5. (common.)—Explained by quotation.

1887. G. R. Sims, How the Poor Live, p. 148. In these places, too, the lodgers divide their food frequently, and a man, seeing a neighbour without anything, will hand him his teapot, and say, 'Here you are, mate; here's a bull for you.' A 'bull' is a teapot with the leaves left in for a second brew.

6. (thieves'.)—Prison rations of meat, an allusion to its toughness; also generally used for meat without any reference to its being either tough or tender. A French equivalent is la bidoche. [Its derivation is suggested in the following quot.]

1883. Echo, Jan. 25, p. 2, col. 3. Thus from the French 'bouilli' we probably get the prison slang term bull for a ration of meat.

7. (American.)—A locomotive; the word is sometimes lengthened into bullgine.

8. (Winchester College.)—Cold beef, introduced at breakfast about 1873.

Verb (American University).—At Dartmouth College to recite badly; to make a poor recitation. [From the substantive bull, a blunder or contradiction, or from the use of the word as a prefix, signifying large, lubberly, blundering.]

Stale bull, subs. (Stock Exchange).—Stock held over for a long period with profit.

Bull and Cow, subs. (rhyming slang).—A row.

Bull-Bait, verb (? nonce word).—To bully; hector; badger. [Clearly a figurative usage of the legitimate word.]
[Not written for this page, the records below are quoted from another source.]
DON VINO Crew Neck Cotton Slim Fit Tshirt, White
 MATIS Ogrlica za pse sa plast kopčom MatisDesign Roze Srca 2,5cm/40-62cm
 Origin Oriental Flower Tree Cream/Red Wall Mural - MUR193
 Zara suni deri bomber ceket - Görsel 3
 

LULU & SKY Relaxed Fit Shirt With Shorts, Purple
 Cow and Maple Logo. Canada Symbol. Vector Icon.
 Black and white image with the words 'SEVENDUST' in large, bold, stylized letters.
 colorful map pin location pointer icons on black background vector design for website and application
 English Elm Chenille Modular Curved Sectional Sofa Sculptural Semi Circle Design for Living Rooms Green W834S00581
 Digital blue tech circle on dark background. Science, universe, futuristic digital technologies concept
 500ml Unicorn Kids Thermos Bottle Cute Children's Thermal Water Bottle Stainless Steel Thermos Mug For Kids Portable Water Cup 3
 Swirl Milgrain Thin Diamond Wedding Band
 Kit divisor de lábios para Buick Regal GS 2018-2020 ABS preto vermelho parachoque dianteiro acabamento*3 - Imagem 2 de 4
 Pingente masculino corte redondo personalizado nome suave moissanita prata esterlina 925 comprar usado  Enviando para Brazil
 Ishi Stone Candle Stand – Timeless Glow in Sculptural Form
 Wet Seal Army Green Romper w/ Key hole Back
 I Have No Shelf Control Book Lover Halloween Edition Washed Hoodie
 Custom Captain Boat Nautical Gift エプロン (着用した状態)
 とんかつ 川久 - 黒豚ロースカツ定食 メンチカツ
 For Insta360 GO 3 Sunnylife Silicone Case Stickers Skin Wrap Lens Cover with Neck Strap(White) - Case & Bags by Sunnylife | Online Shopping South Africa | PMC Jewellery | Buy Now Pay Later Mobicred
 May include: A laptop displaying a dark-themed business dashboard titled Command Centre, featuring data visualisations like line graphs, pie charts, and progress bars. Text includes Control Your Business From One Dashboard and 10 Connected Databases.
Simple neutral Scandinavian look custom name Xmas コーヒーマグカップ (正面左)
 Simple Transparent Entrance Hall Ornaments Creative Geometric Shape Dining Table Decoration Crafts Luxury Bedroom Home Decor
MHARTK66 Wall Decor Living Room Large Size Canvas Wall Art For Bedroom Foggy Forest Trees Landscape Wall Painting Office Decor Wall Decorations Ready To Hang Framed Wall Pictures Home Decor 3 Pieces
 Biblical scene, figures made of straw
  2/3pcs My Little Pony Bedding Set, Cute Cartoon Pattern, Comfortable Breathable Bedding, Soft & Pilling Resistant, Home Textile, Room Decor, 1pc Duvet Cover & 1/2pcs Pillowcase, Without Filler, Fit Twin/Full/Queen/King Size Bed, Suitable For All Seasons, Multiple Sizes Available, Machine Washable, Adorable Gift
1860. Dickens, Great Expectations, ch. xviii., p. 82. 'Which I meantersay,' cried Joe, 'that if you come into my place bull-baiting and badgering me, come out!'

Bull-Beef, subs. (old).—A frequently recurring term of contempt. Prisoners apply it to the hard, stringy meat supplied to them, and formerly the expression was in general use. 'As ugly as bull-beef'; 'as big as bull-beef'; 'go and sell yourself for bull-beef'; were common colloquialisms at the end of the last and the beginning of the present century. Sometimes contracted into bull. Cf., Bully beef.

1579. Gosson, Apol. of the Schoole of Abuse, p. 64 (Arber). I vnderstand they are all in a fustian fume. . . . They haue eaten bul-bief, and threatned highly too put water in my woortes whensoeuer they catche me.

1607. Rowlands, Diogines Lanthorne, p. 8 (H. Cl. Repr., 1873). How lookes yonder fellow? what's the matter with him trow? has a eaten bul-beefe? there's a lofty slaue indeede, hee's in the altitudes.

1738-1819. Wolcot ('P. Pindar'), Rights of Kings, Ode I., in wks. (Dublin, 1795), vol. II., p. 219. The Cooks, Bluff on th' occasion, put on bull's-beef looks.

1782. Wolcot, Lyric Odes, No. 3, in wks. (1809) I., 62.

Yet thou may'st bluster like bull-beef so big.

1860. Haliburton ('Sam Slick'), The Season Ticket, x. Which look as cheap as bull-beef at one cent a pound.

1868. Brewer, Phrase and Fable, p. 524. To look as big as bull-beef. To look stout and hearty, as if fed on bull-beef. Bull-beef was formerly recommended for making men strong and muscular.

1888. Ashton, Mod. Street Ballads, p. 61.

For soon he will his trial take, And hard bull-beef be munching.